Bu konuda atacağımız ilk adım; geçmişte olduğu ve modern dünya’nın bizden aldığı mahalleden yönetim tarzını etkinleştirerek katılımcılık anlayışını kuvvetlendirmek ve yeni imar yasalarının nasıl olacağı konusunda çalıştaylar düzenlemektir.



Aslında bu anlayış kentsel açılımı desteklediği gibi demokratik açılımı da pekiştirecektir.



 Pratikte başlangıç olması açısından; belediye meclisi üyeleri bulunduğu mahalleyi temsil ederek seçilebilirse, mahallelinin siyasete ve mahallesinin gelişimine doğrudan katılımı olacağı gibi, mahallede oluşacak imar ve çevre katliamlarına engel olması daha da kolaylaşacaktır.



Bu durumda; belediye meclis üyeleri kendini kanıtlama imkânı bulacağı gibi, onların hesap verebilir bir konuma gelmesi imkanı da doğacaktır.



Bu konu; kentsel açılımın idari boyutunun yalnızca temsil kısmının küçük bir nüvesini teşkil etmektedir. Aslında ulaşılmaz, soğuk yüzlü belediyecilik anlayışının ıslah edilmesi, kurulacak yeni medeniyetin olmazsa olmazlarındandır.



Konunun idari boyutundan teknik boyutuna geçecek olursak; teknik boyutun daha önemli olduğunu,yaşam tarzımızı, aile hayatımızı doğrudan etkilediğini görürüz. Bu konu  çevremize yön veren, halkımızın mutlu olup olmaması ile yakın alakalı olan imar ve çevre düzeni planları ve bunların hazırlanış şekilleridir.



İmar ve çevre düzeni planları hazırlanırken öncelikle bu planların veri tabanları yeniden ele alınmalıdır. Halkımızın nasıl bir evde, nasıl bir mahallede nasıl bir şehirde yaşamak istediği, tıpkı demokratik açılımda olduğunu gibi tartışmaya açılmalıdır. Apartmanlaşma bir dayatma olmaktan çıkarılmalıdır. Yine bu planlar ihaleyle değil halkın katılımının sağlanacağı yarışmalarla ele alınmalıdır.

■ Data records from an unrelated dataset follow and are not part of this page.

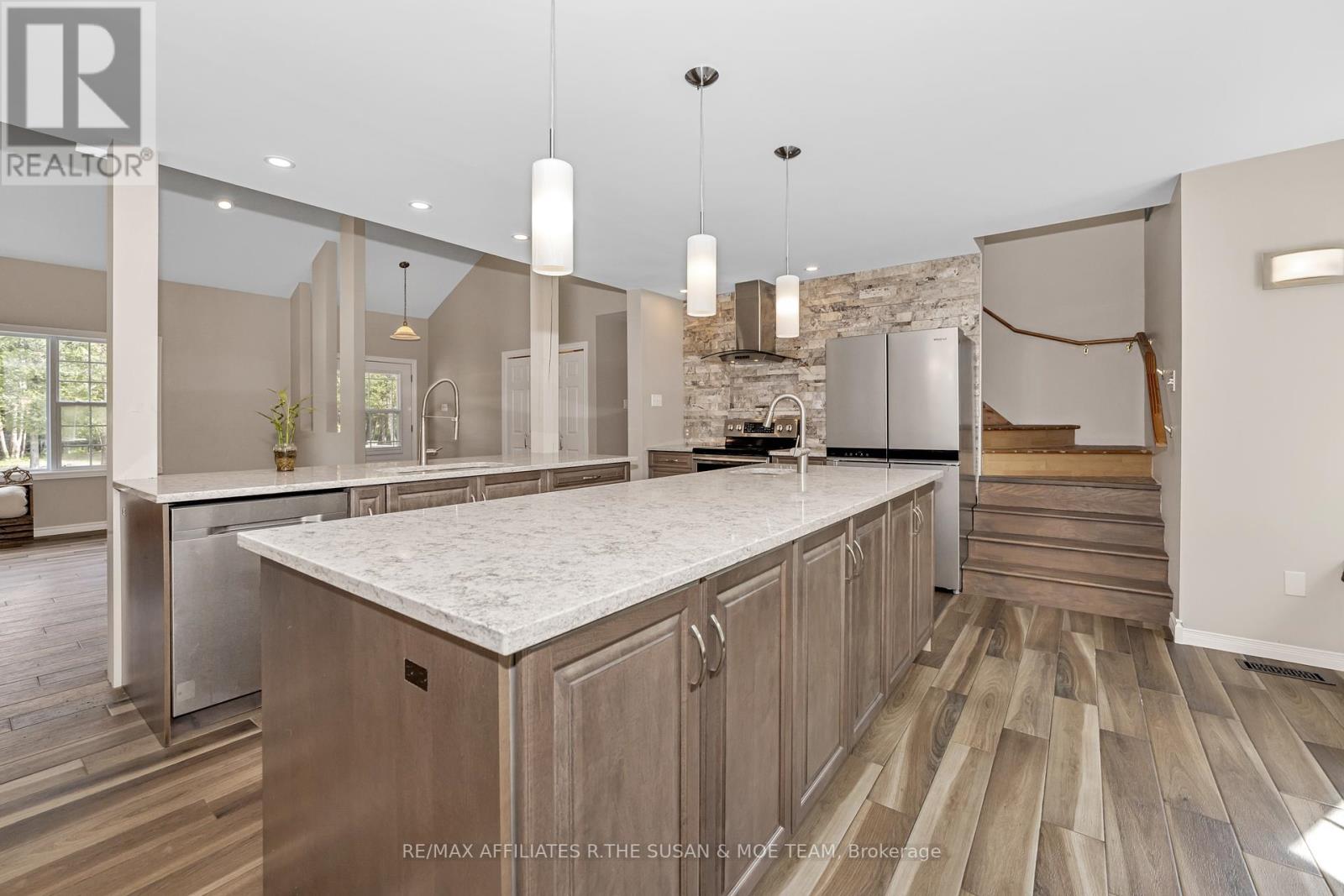 1564 First Concession B Dalhousie Road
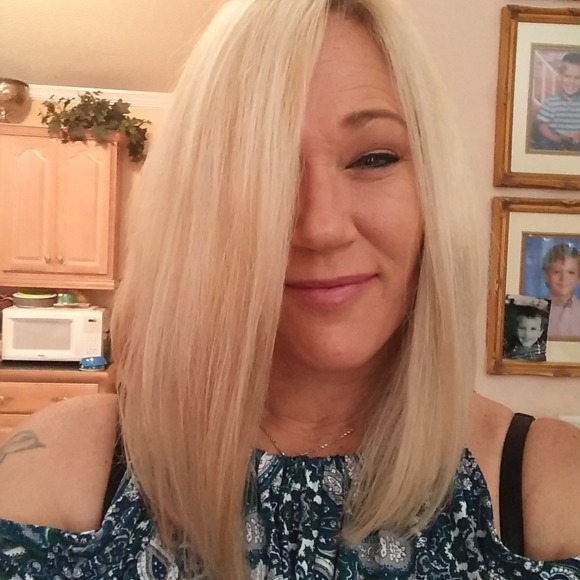 Meet your Posher, Lisa - Picture 1 of 1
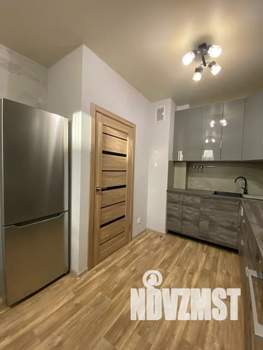 1-к квартира, посуточно, 40м2, 7/8 этаж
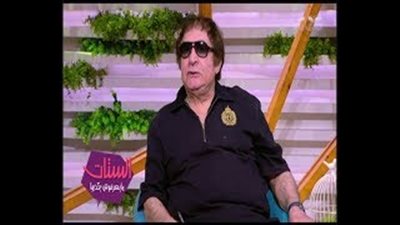 محيي إسماعيل يحكي قصة امرأة أحبها 40 عاما ولم يتزوجها (فيديو)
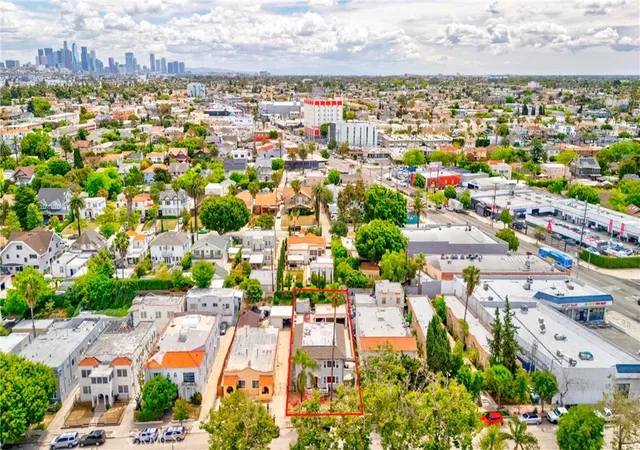 15th image of 1276 S Plymouth, Los Angeles, CA 90019 | MLS# PW26102985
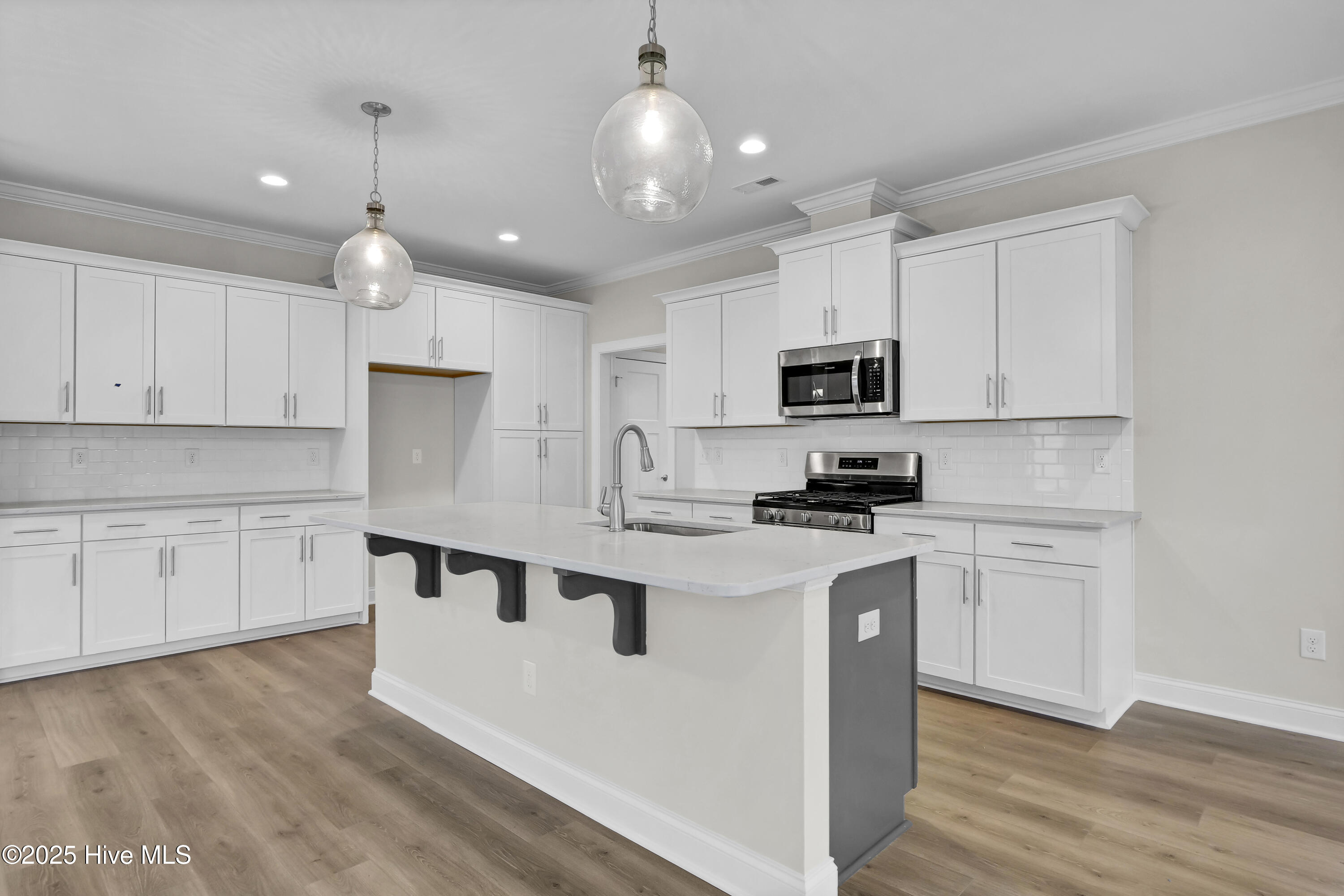 2786 Longleaf Pine Circle Property Photo 6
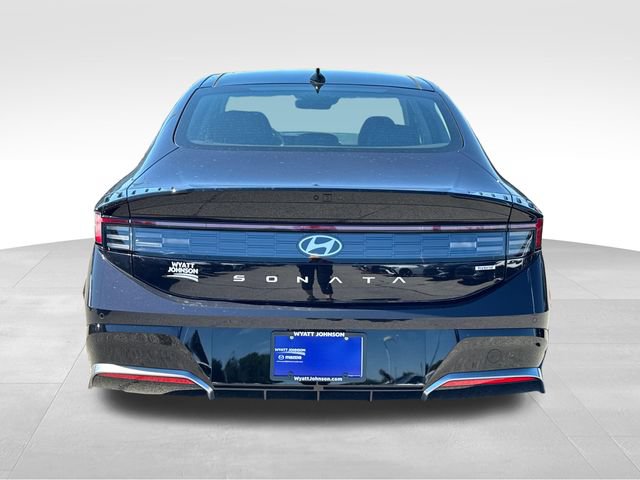 New 2026 Hyundai Sonata Limited FWD image 4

Yeni medeniyetler oluşturacak mutlu bir toplum istiyorsak, problemsiz bir çevre oluşturma çabasına girmeliyiz. Kentsel dönüşümle ve (ihaleyle sipariş verilen) çevre düzeni planlarıyla, imar planlarıyla oluşan yeni çevreler; Bu amaca hizmet etmemektedir.



Çevremizin oluşumuna yön veren yasaların idari ve teknik boyutu yeniden ele alınmadan, bu konuda toplumsal bir uzlaşı sağlanmadan yeni bir medeniyet oluşturmamız imkânsızdır.



Bunun yolu da; bu konuyu demokratik açılımda olduğu gibi halkımıza götürmek ve yeni bir sürecin temelini atmaktır. Bu sürece biz ”kentsel açılım” isminin uygun düşeceğine inanıyoruz.